- Work to be completed -
With the images removed, reproduce each entry below word for word.

- Input material -
......

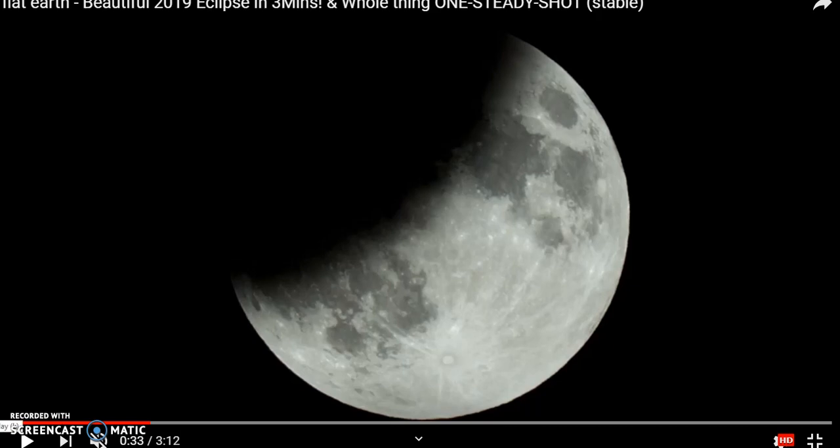So what is my alternative theory of the lunar eclipse? To help explain this, I will use a video from a YouTuber called Mike Flatbird, who has filmed the lunar eclipse recently. The link to his video is in the description.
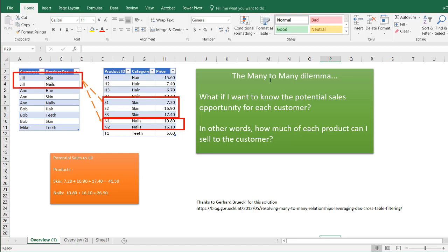In this example, the many-to-many dilemma is represented by these two tables. We have a customer table where we have customers and they have a preference for products for skin, hair, nails, or teeth. You can see here Jill has a preference for skin and nails, and Ann has a preference for hair, skin, and nails. In the company we have particular categories for products and different products that are part of that category.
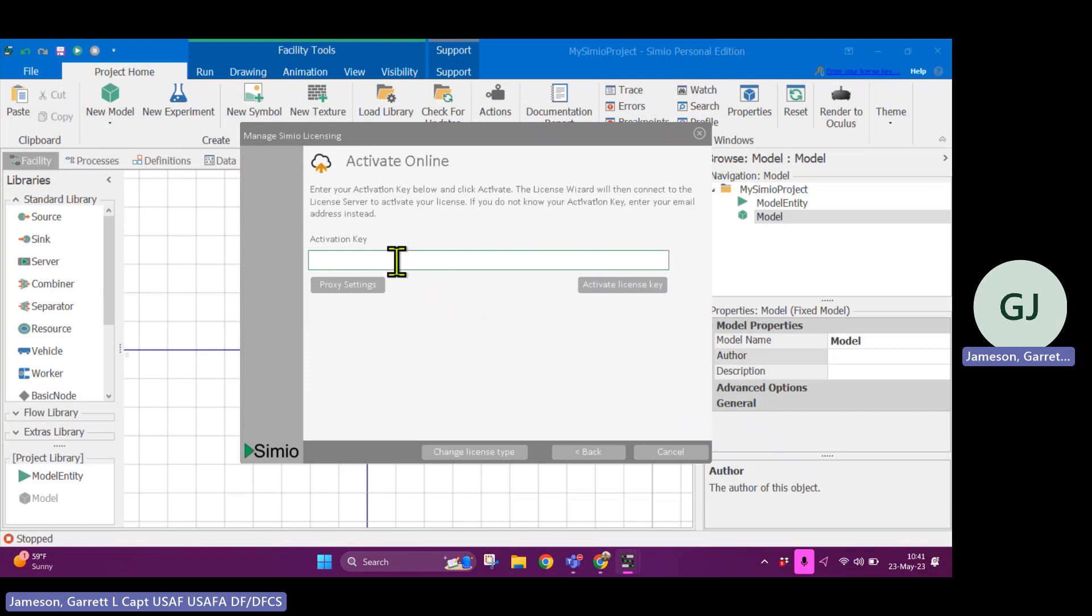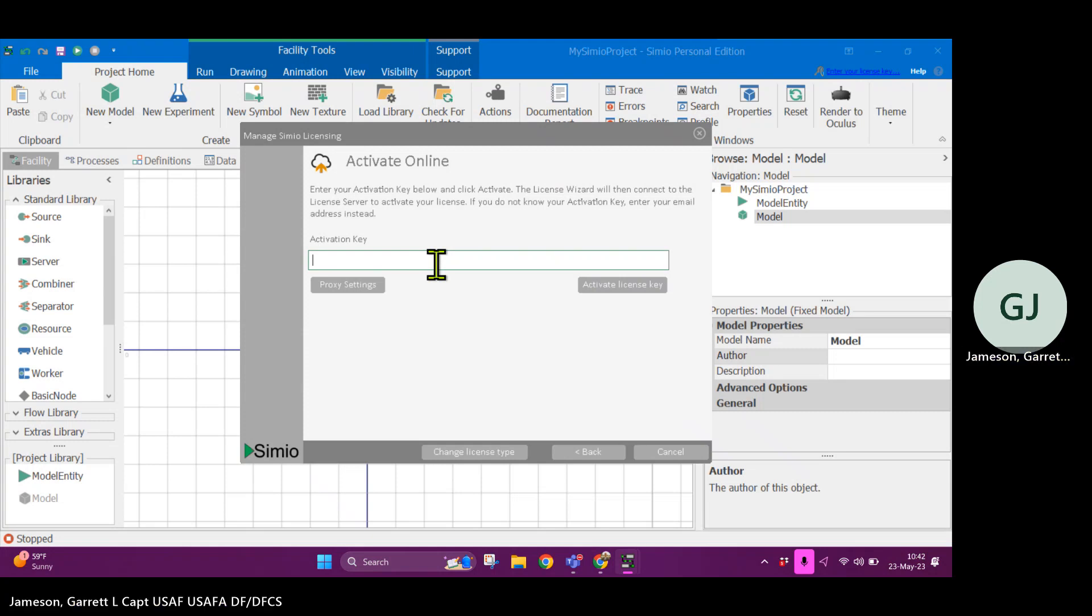When you are connected to the internet, you're able to take a license from the pool of licenses. And then if you close down Simeo without being connected to the internet, it'll actually keep your license and lock it away from somebody else using it. So ideally you would close out of Simeo before you disconnect from the internet to make sure that your license is given back. All right, good luck.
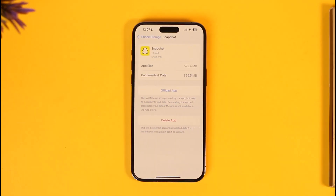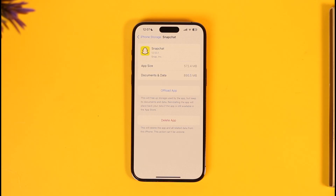If you select a certain app or game as an example, you can see there are only two options: one is to offload the app, the other is to delete the app. Offloading means it will only delete the application but not the data inside. So for example, if you were logged into Snapchat, offloading will not delete your data.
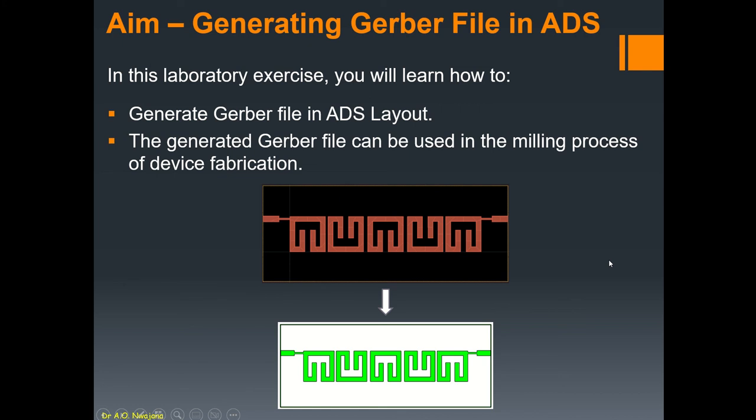Welcome back to my YouTube channel. Today I'll be showing you how to generate Gerber file in ADS layout. When the Gerber file is generated it will be used for the milling process which is basically how we fabricate your design using PCB. So basically all we need to do today is show you how you convert whatever design you've made in ADS layout, it could be a filter or a power divider, an antenna, whatever it is that you've designed in ADS layout. You can actually convert it to a Gerber file and use the file in your milling process. So let's get started.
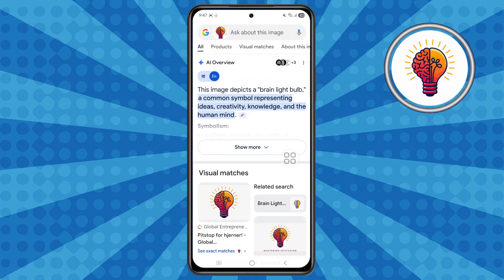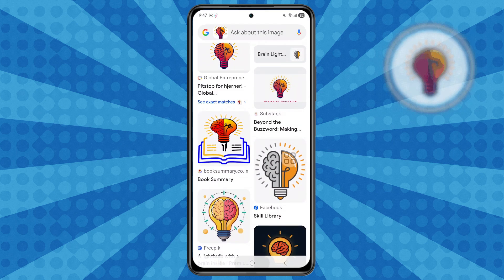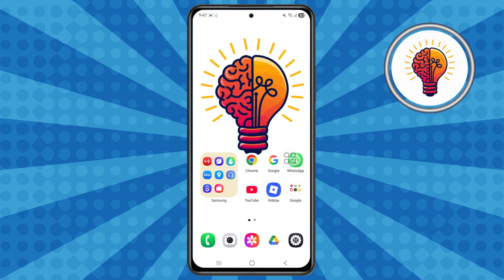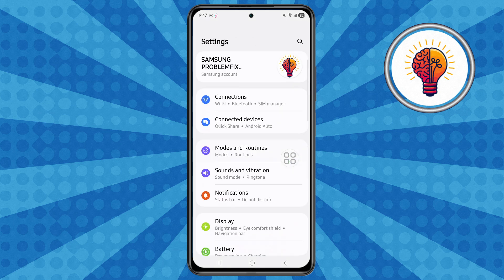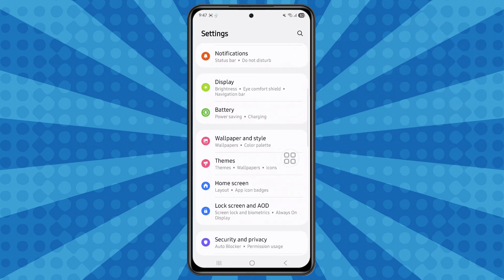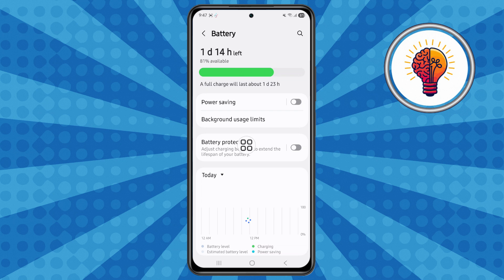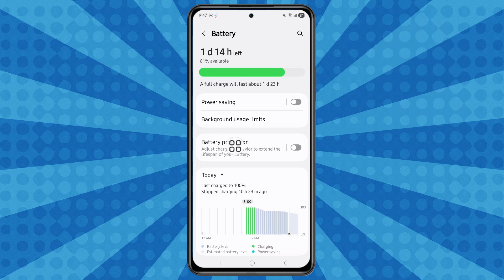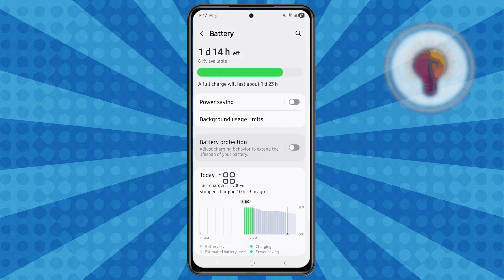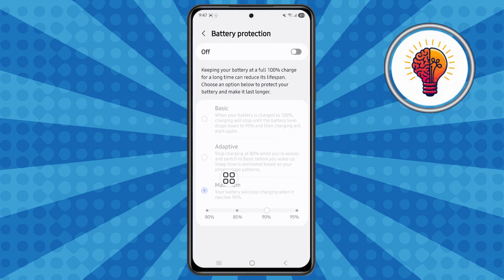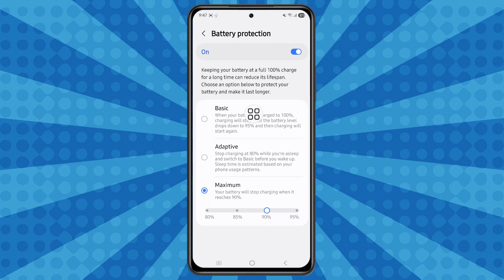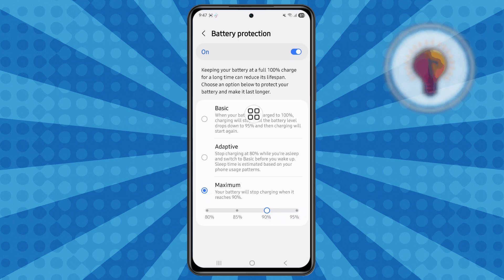The third method: battery adjustment. Step one, open the Settings application again. Scroll down, locate the Battery option, and tap on it to open. Then go to the Battery Protection menu. Here, make sure to enable this mode — it helps extend battery life and keep your battery healthy over time.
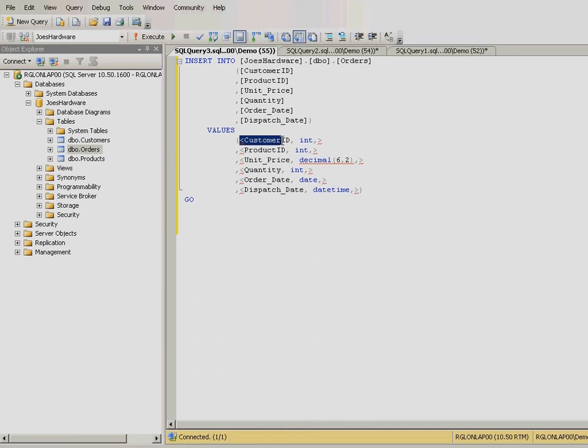A new query window will launch with an insert SQL statement for the orders table. Amend the values in the insert statement as shown in the lesson guide.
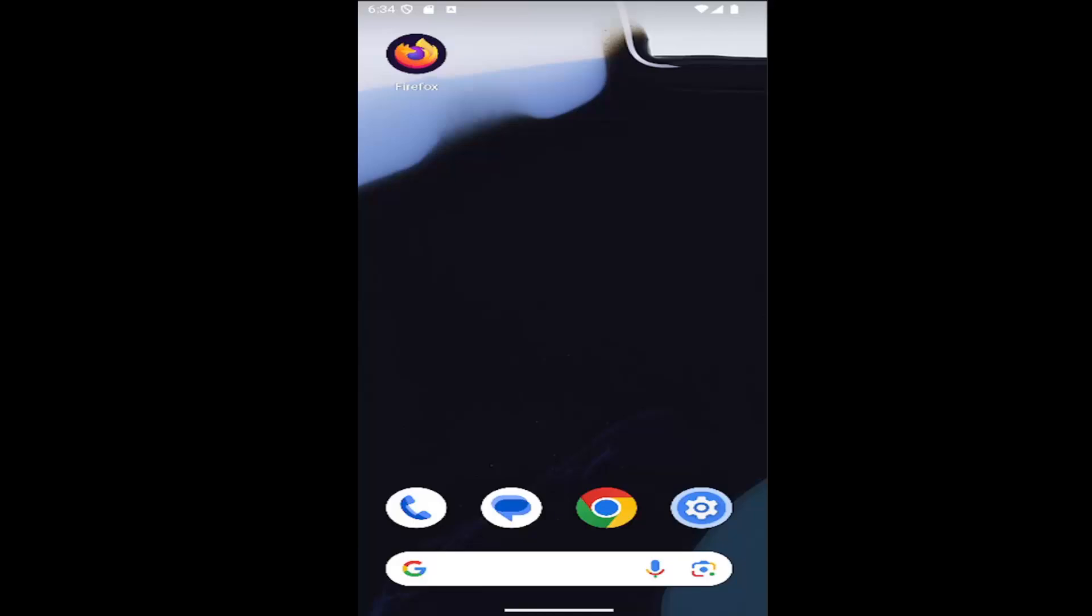In today's tutorial, I'm going to show you guys how to download and install the Facebook mobile app on your Android smartphone. So this should hopefully be a pretty straightforward process here. And without further ado, let's go ahead and jump right into it.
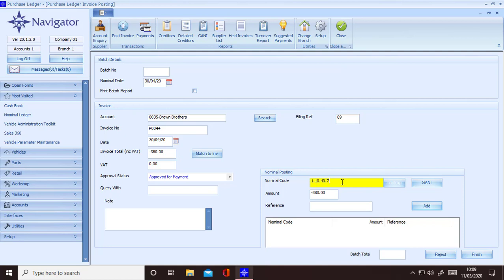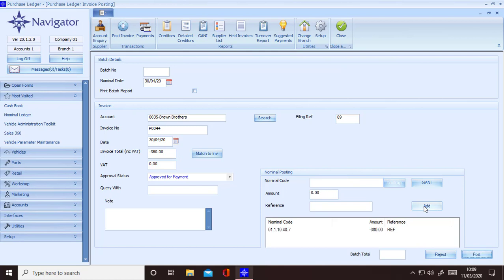Move over to the nominal posting box. You have the choice here as to where you want to write it off to. Enter the nominal code and add a reference, then click add. Once complete click on post and then finish in the bottom right hand corner.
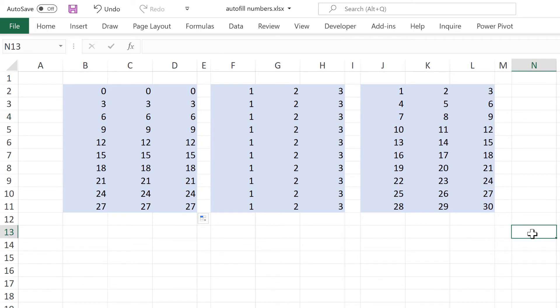So in this video I have shown you how to get a grid of sequential numbers in Excel and that is everything. Thank you.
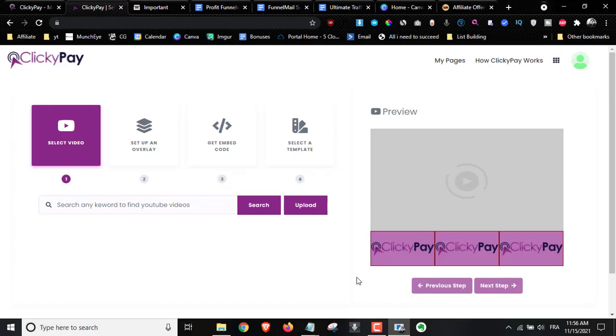Andrew here from andrewdoesreviews.com. Welcome to my ClickyPay review. I'm here inside the members area and I'm going to give you a full demo and run through on what this is and how it works in just a minute.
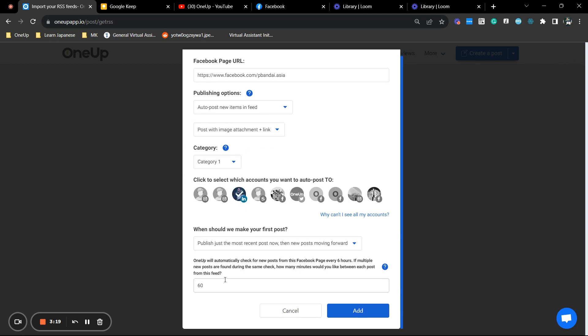Now, the last part here is the interval. So how many minutes do you want the first post and when's the next post going to be? You can just set it up here.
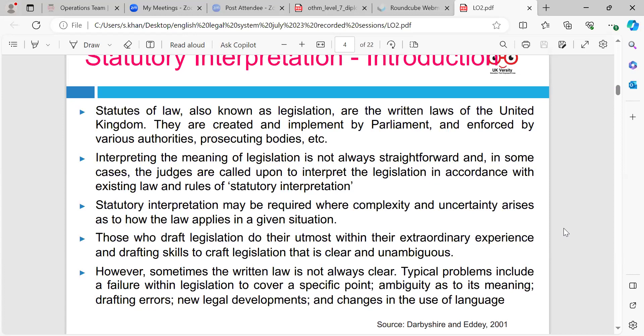Those who draft legislation do their utmost within their extraordinary experience and drafting skills to craft legislation that is clear and unambiguous, because that's so important. However, sometimes the written law is not always clear. Typical problems include a failure within legislation to cover a specific point, ambiguity as to its meaning, drafting errors, new legal developments, and changes in the use of language.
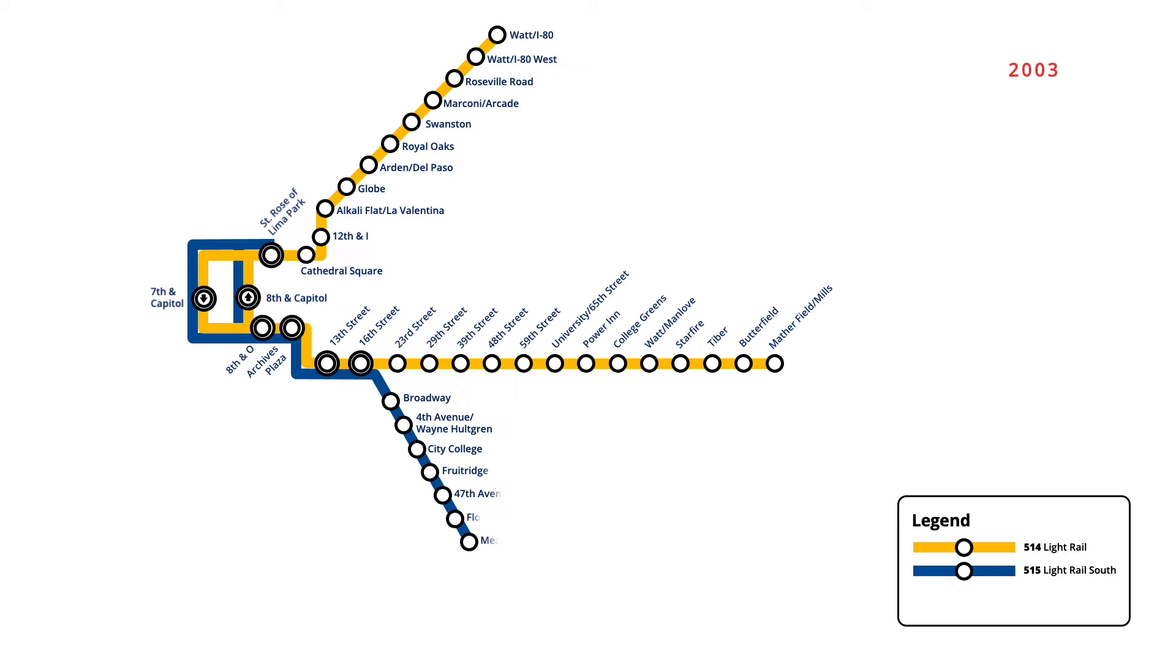In June 2004, an extension opened on the original light rail line east from Mather Field Mills, adding three new stations to Sunrise.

......

- Solution to the problem -
So what is my alternative theory of the lunar eclipse? To help explain this, I will use a video from a YouTuber called Mike Flatbird, who has filmed the lunar eclipse recently. The link to his video is in the description.
In this example, the many-to-many dilemma is represented by these two tables. We have a customer table where we have customers and they have a preference for products for skin, hair, nails, or teeth. You can see here Jill has a preference for skin and nails, and Ann has a preference for hair, skin, and nails. In the company we have particular categories for products and different products that are part of that category.
When you are connected to the internet, you're able to take a license from the pool of licenses. And then if you close down Simeo without being connected to the internet, it'll actually keep your license and lock it away from somebody else using it. So ideally you would close out of Simeo before you disconnect from the internet to make sure that your license is given back. All right, good luck.
If you select a certain app or game as an example, you can see there are only two options: one is to offload the app, the other is to delete the app. Offloading means it will only delete the application but not the data inside. So for example, if you were logged into Snapchat, offloading will not delete your data.
Welcome back to my YouTube channel. Today I'll be showing you how to generate Gerber file in ADS layout. When the Gerber file is generated it will be used for the milling process which is basically how we fabricate your design using PCB. So basically all we need to do today is show you how you convert whatever design you've made in ADS layout, it could be a filter or a power divider, an antenna, whatever it is that you've designed in ADS layout. You can actually convert it to a Gerber file and use the file in your milling process. So let's get started.
The third method: battery adjustment. Step one, open the Settings application again. Scroll down, locate the Battery option, and tap on it to open. Then go to the Battery Protection menu. Here, make sure to enable this mode — it helps extend battery life and keep your battery healthy over time.
A new query window will launch with an insert SQL statement for the orders table. Amend the values in the insert statement as shown in the lesson guide.
In today's tutorial, I'm going to show you guys how to download and install the Facebook mobile app on your Android smartphone. So this should hopefully be a pretty straightforward process here. And without further ado, let's go ahead and jump right into it.
Move over to the nominal posting box. You have the choice here as to where you want to write it off to. Enter the nominal code and add a reference, then click add. Once complete click on post and then finish in the bottom right hand corner.
So in this video I have shown you how to get a grid of sequential numbers in Excel and that is everything. Thank you.
Andrew here from andrewdoesreviews.com. Welcome to my ClickyPay review. I'm here inside the members area and I'm going to give you a full demo and run through on what this is and how it works in just a minute.
Now, the last part here is the interval. So how many minutes do you want the first post and when's the next post going to be? You can just set it up here.
Those who draft legislation do their utmost within their extraordinary experience and drafting skills to craft legislation that is clear and unambiguous, because that's so important. However, sometimes the written law is not always clear. Typical problems include a failure within legislation to cover a specific point, ambiguity as to its meaning, drafting errors, new legal developments, and changes in the use of language.
In June 2004, an extension opened on the original light rail line east from Mather Field Mills, adding three new stations to Sunrise.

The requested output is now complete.